A common question is how many visits can a package handle. Whether that’s monthly, daily, or based on the number of users, items, or articles.
To clarify the issue, it’s first necessary to understand what a visit means.
A visit is when your visitor opens your website, but what does that actually include? It includes downloading all images, text, CSS, and JS files to their computer. So when a visitor opens your website, they download all those files to their computer, like right-clicking and choosing download or save as. That’s what a visit means.
Now that it’s clear what a visit is (i.e., downloading your website to a computer), how much space does your website actually take up?
Although your entire website, with all its files, takes up about 5000MB of space on your hosting account, it may only occupy 2MB when opened. How is that possible?
When a user visits your website (and downloads everything mentioned), they don’t download every single file because, for example, your website has 1000 items but displays only 10 on the homepage. So they download images (small images if optimized) of only those ten items, not all 1000.
To find out the exact size of your website when visited, you can check it on gtmetrix.com by entering your domain and clicking on the test button. After the analysis, it will show something similar to this at the bottom of the page:
Here we see that the entire page is 787 KB, even though the website itself is larger than 2GB.
Also, it’s useful to know that there were 50 requests. This means that your visitor downloaded JavaScript, images, CSS, fonts, images, and text 50 times (50 right-clicks and downloads).
The 2.8-second time means that the website took 2.8 seconds to load for the client; if the visitor has a slower internet connection, that time will be even greater.
Now that it’s clearer what a visit to a website entails and how much it actually takes up resources on your hosting account, the next question is:
How many visits can a hosting account support?
First and foremost, it’s essential that you understood the above explanation; otherwise, the answer to this question will not be clear.
Any hosting account, regardless of the plan, has no limits on the number of visits per year, month, day, hour, or at the same time. The number of visits depends on CPU, RAM, the number of processes, and most importantly, the website itself. For example, if a website loads in 1 second and has 20 requests, it can support 1000 visits simultaneously on a basic package. However, a site that takes 5 seconds to load and has 100 requests can support only 100 visits on the same package. Therefore, the question of how many visits a hosting account can handle is not well-posed, as there is no definite answer.

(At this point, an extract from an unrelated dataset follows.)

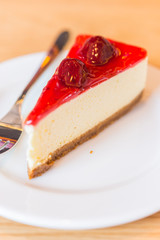 Strawberry cheese cake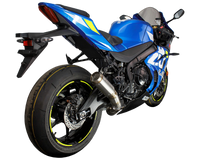 Suzuki GSX-R 1000 2017-2024 GP-R2 exhaust Pro-Race exhaust systems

It means that the website should be optimized to minimize loading time, as it will use fewer hosting resources and can support more visits. Also, reduce the number of requests, as this will decrease the number of processes and increase the number of visits your website can handle at that moment.
How do you know which package to choose for yourself?

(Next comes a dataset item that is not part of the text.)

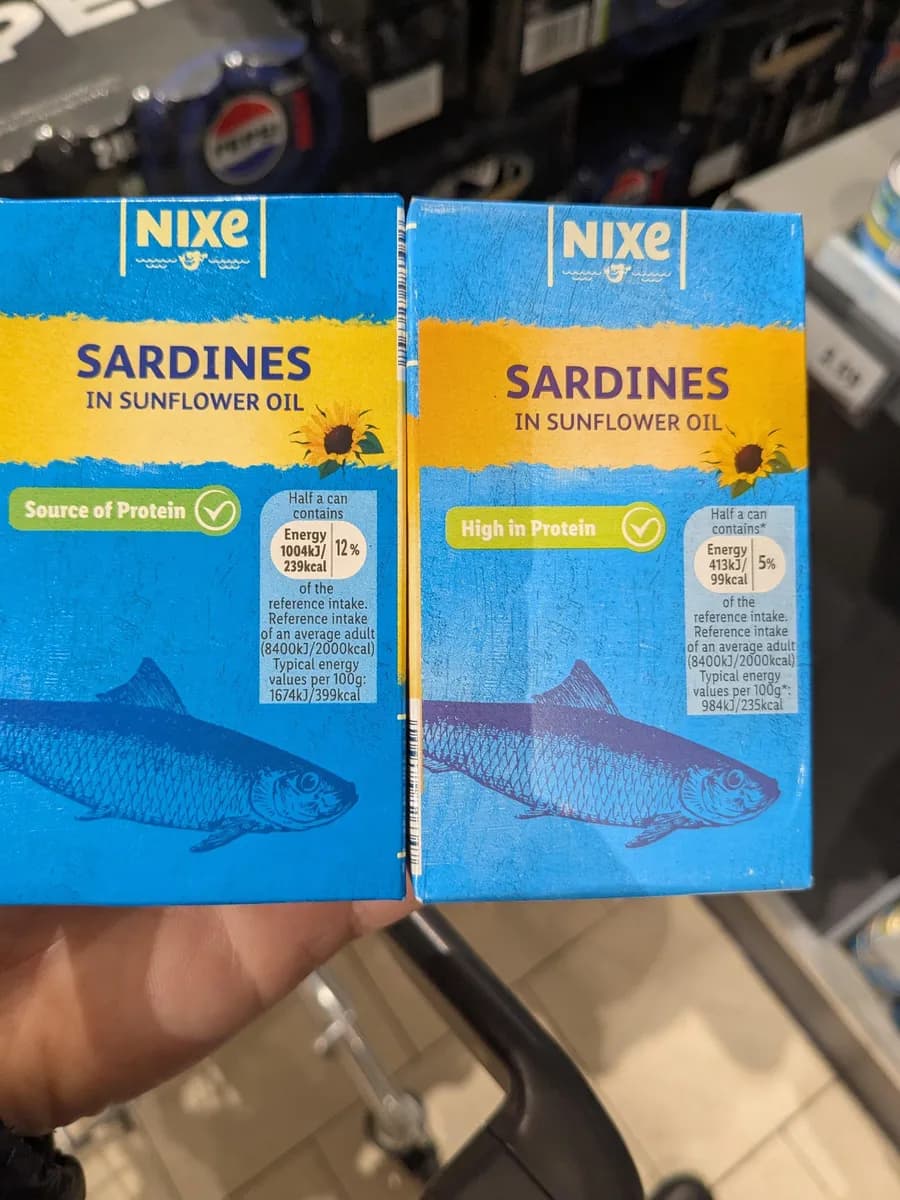 Nixe Sardines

Every hosting account (literally every one) offers a trial period and the possibility to change packages. You can start with a smaller package and upgrade to a larger one when you reach a limit (either space or resources) for an additional fee.

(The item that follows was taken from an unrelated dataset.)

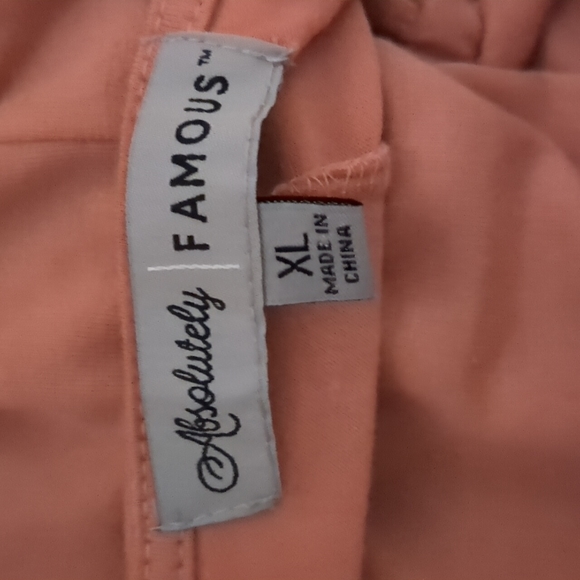 Absolutely Famous Blouse Size XL NWT - Picture 3 of 4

If your website has not been active until now and you’re just starting, choose the basic package, as you won’t have many visits initially unless you spend a minimum of 50-100 euros daily on advertising. In that case, choose a more advanced package.
What helps to enable the highest number of visits on a website?
Website optimization. Image optimization, code optimization, reducing the number of plugins, and removing unnecessary elements.
In 90% of websites, the problem lies in images because unoptimized images are uploaded. Each image posted on a website should not be larger than 150KB (this is the absolute maximum for HD images and the like, while ordinary images should be half that size), and this does not include resolution but size.
Also, on our hosting, we have server-side caching, which greatly helps with speed and reducing requests. However, a plugin is required to take advantage of this, and it requires some configuration (instructions are available on our website). Once everything is set up, you’ll know that the website is optimized, and if you reach a limit on CPU/RAM/Processes or similar, it means that you need a larger package because the number of visits exceeds the package. How do you know if a website is optimized? If the site size is not larger than 2MB, if it does not exceed 80 requests, and if it loads in less than 4 seconds, it means that the site is optimized.